Chinese bhel is a fast food and street food item in India and is considered a part of Indo-Chinese cuisine. It is a variant of chop suey and bhelpuri. It is popular in Mumbai.

==Ingredients==

Like most street food items, the recipe of Chinese bhel has many variants. The basic ingredients present in every recipe are crisp fried noodles, raw shredded cabbage, and one or more hot sauces. These ingredients are thoroughly mixed together in the style of making a bhelpuri. The sauces could be Schezwan sauce, red chilli sauce, and/or tomato ketchup.

In addition, it may contain one or more of these ingredients: finely chopped onion, sliced capsicum, diced carrot, soya sauce, salt, black pepper powder, monosodium glutamate, vinegar, and raw garlic paste in varying quantities.

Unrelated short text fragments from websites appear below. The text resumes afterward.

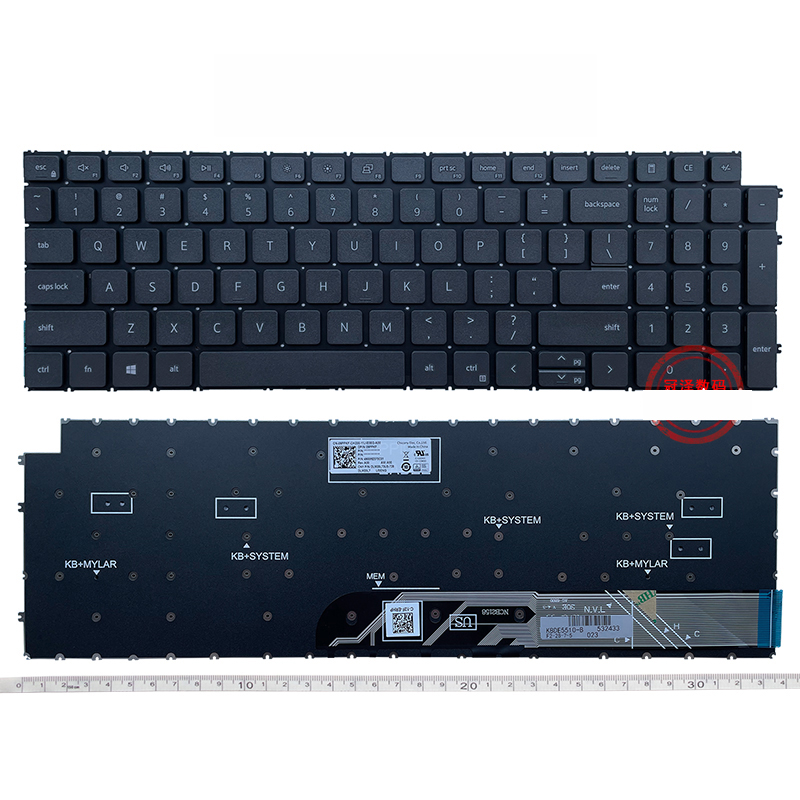 US/RU/SP Laptop Keyboard For Dell Inspiron 15 3525 3520 3511 3515 5501 5502 5505 5510 5518 5511 5515 7500 7501 7510/16 7610: WHITE
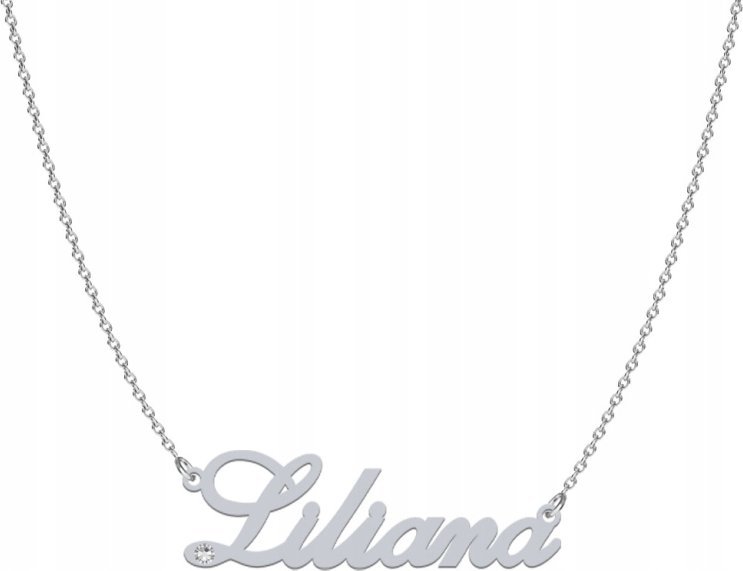 Radziszewska Jewellery Naszyjnik z imieniem LILIANA srebro925 Dedykacja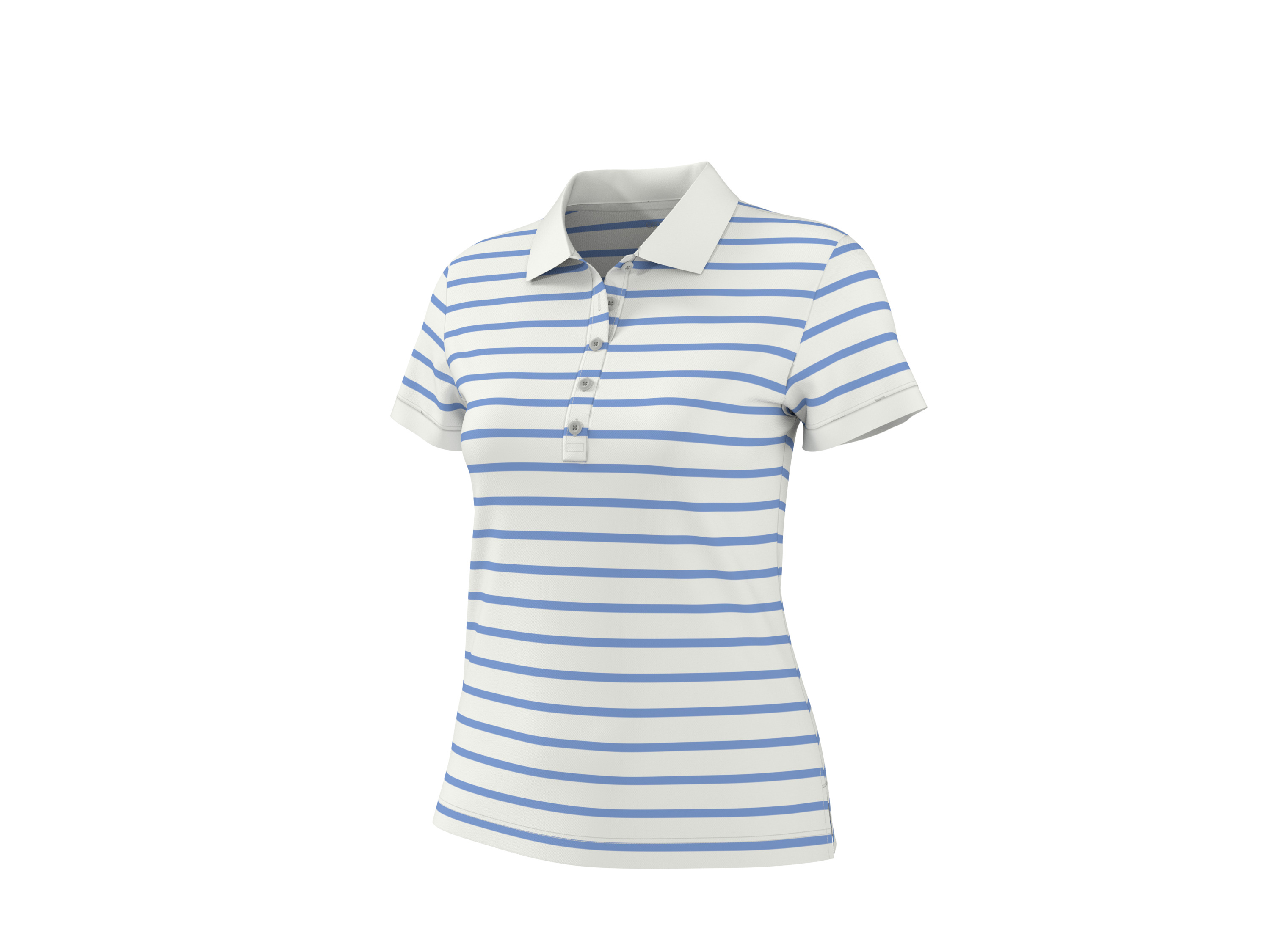 ESMARA® Damen Poloshirt (Weiß, L(44/46))
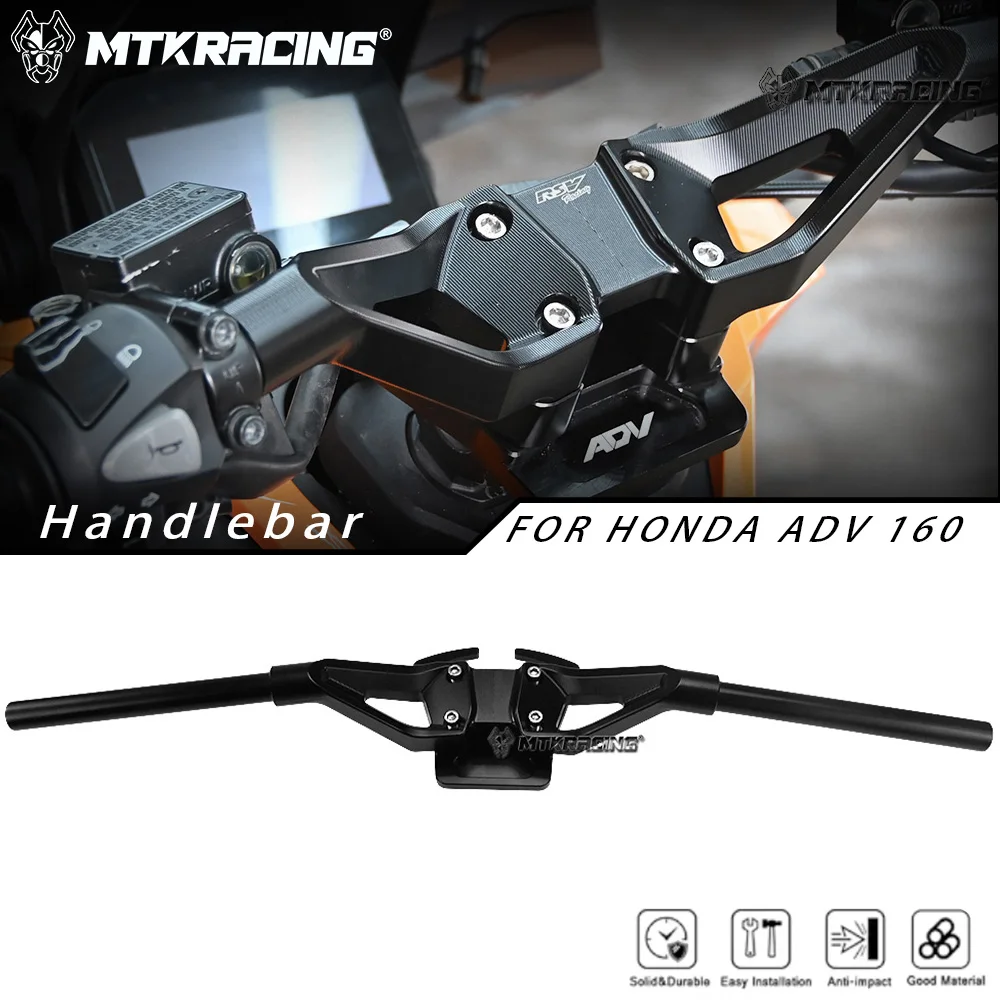 MTKRACING For HONDA ADV 160 2022-2025 Motorcycle modification handlebar installation handlebar clip support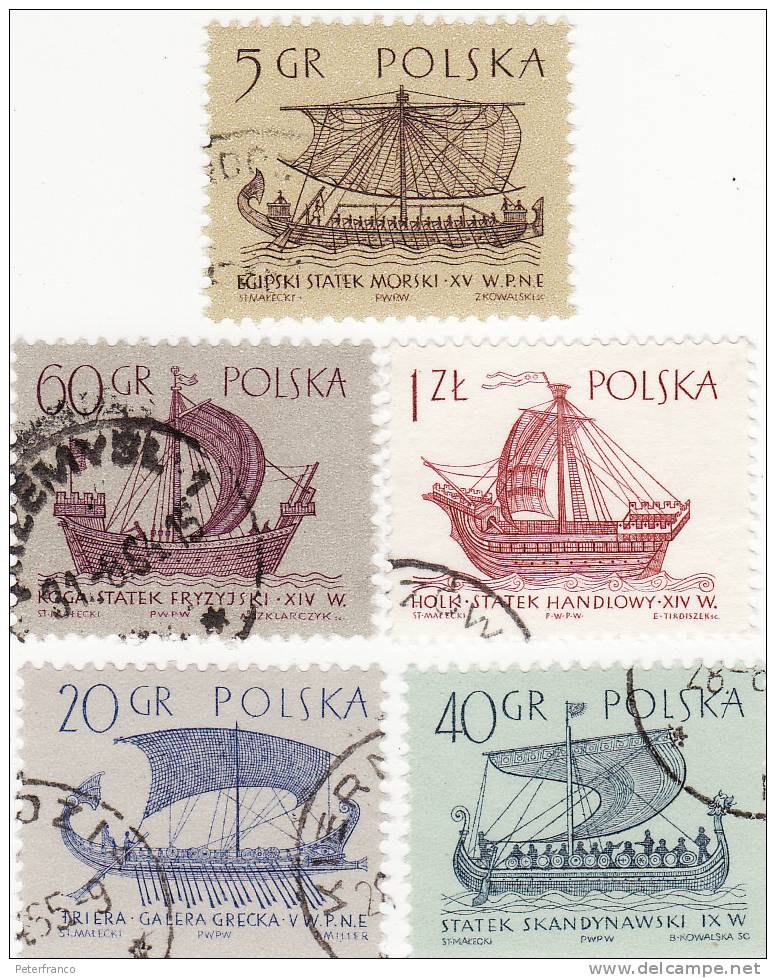 Polonia - Navi Antiche - Maritime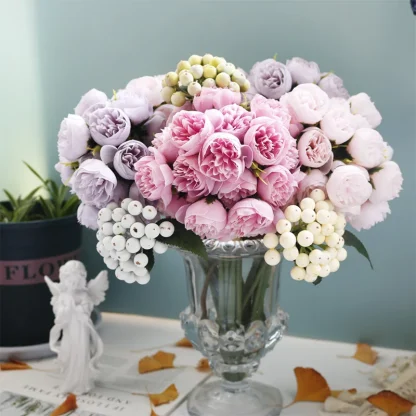 Artificial Flowers Bouquet for Wedding Decor - Image 8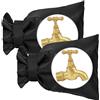 Vicloon Protezione Rubinetto Giardino, 2Pcs Copertura per Rubinetto, Copri Rubinetto Antigelo Impermeabile, Copertura Esterna per Rubinetto per Antigelo Protezione Invernale Universale (Nero)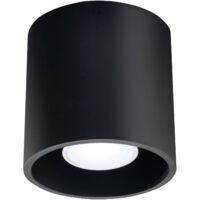 Sollux ORBIS - 1 Lichtoberflächenmontiertes Downlight Schwarz, GU10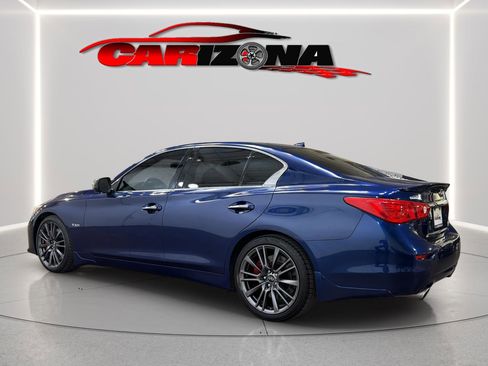 Used 2017 INFINITI Q50 Red Sport 400 RWD image 7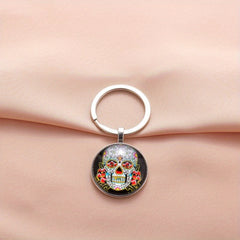 Vintage Skull Keychain for Men Bag Purse Charm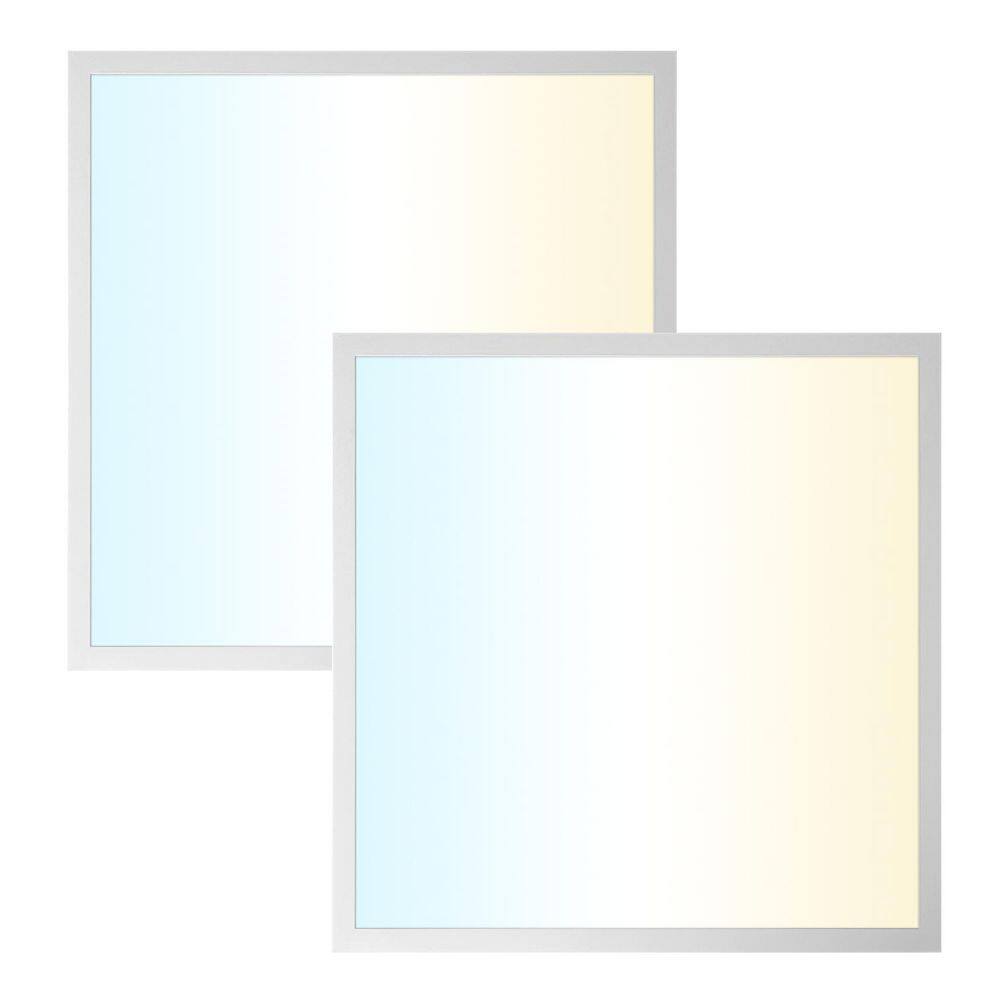 2 x 2 ft. Integrated LED Flat Panel Light 3-CCT 3000K-4000K-5000K, 25/30/40W, 4400-Lumens 0-10V Dimmable ETL 2-Pack price history on PriceWatchPro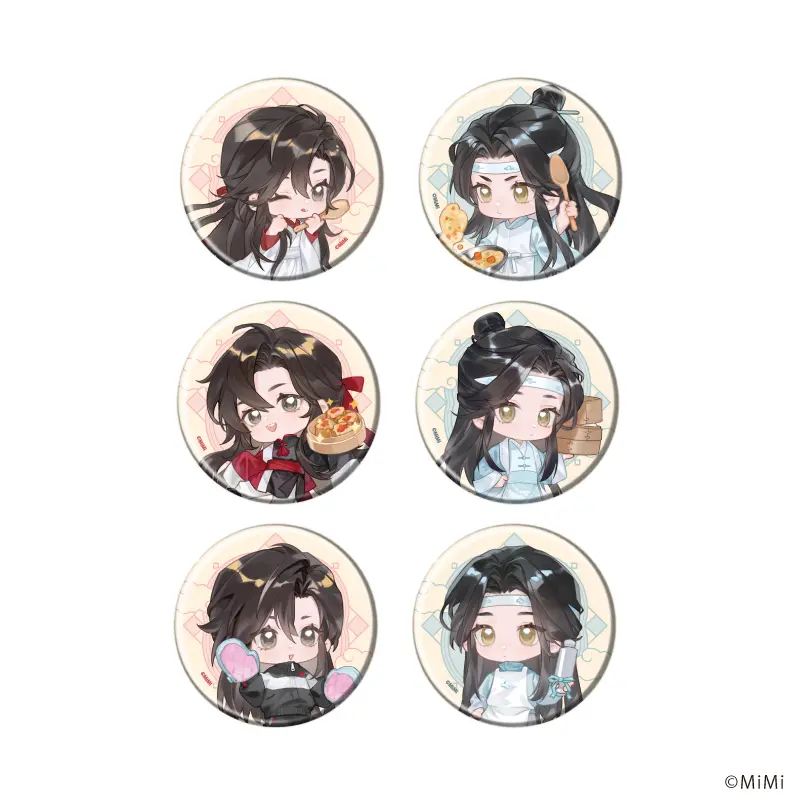 魔道祖師 ちびキャラ アクリルマグネット 6種コンプリート 魏無羡 藍
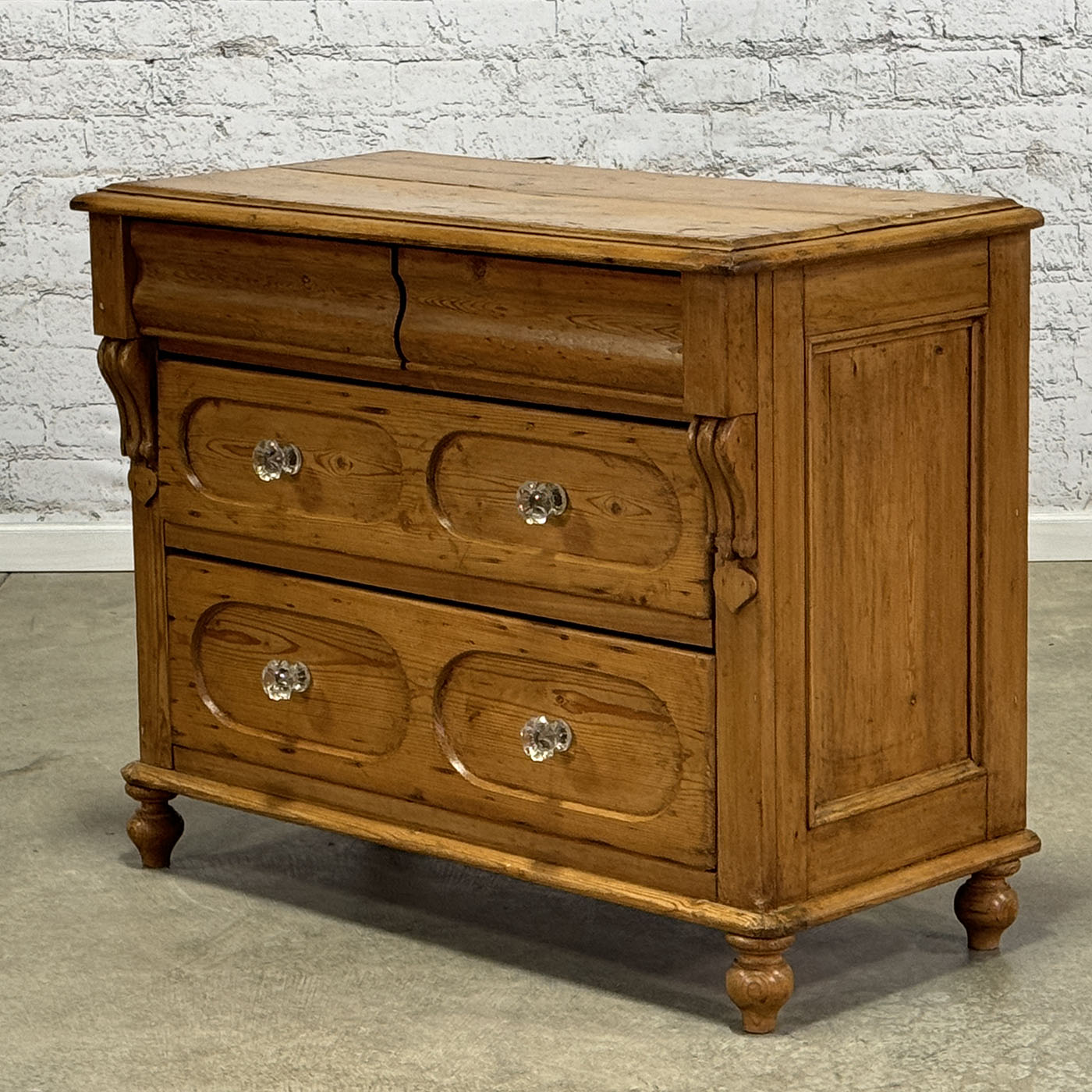 Antqiue European Pine Chest of Drawers c.1880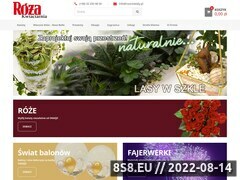 Zrzut strony Internetowa kwiaciarnia Gliwice, kwiaty online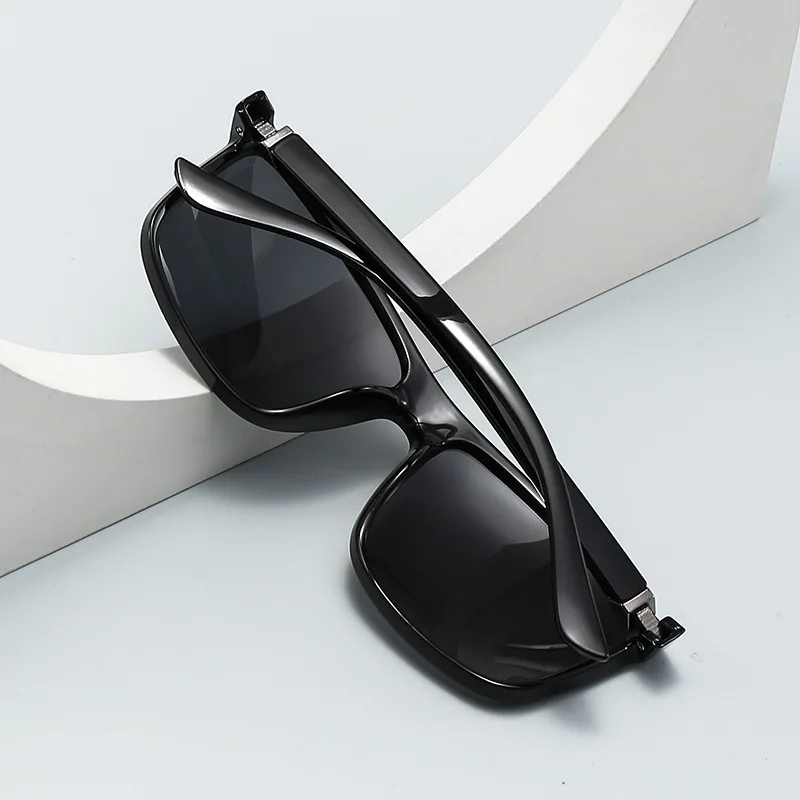  Trendige quadratische getönte Lesesonnenbrille für Herren und Damen, schwarz, verschreibungspflichtige Presbyopie-Brille, Outdoor-Sonnenbrille, Leser – Detail 5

Sometimes chopped spring onion is used for garnishing.

==Criticism==
Chinese bhel stalls in Mumbai were criticized for poor hygiene and were suspected to have caused a hepatitis E epidemic over a two-month period in 2011.

The Municipal Corporation of Greater Mumbai (MCGM) has issued strict orders not to let hawkers sell fried foodstuffs on pavements and Chinese food outside schools. The Congress party had recently demanded that the MCGM ban the sale of Chinese street food due to fears related to its use of monosodium glutamate.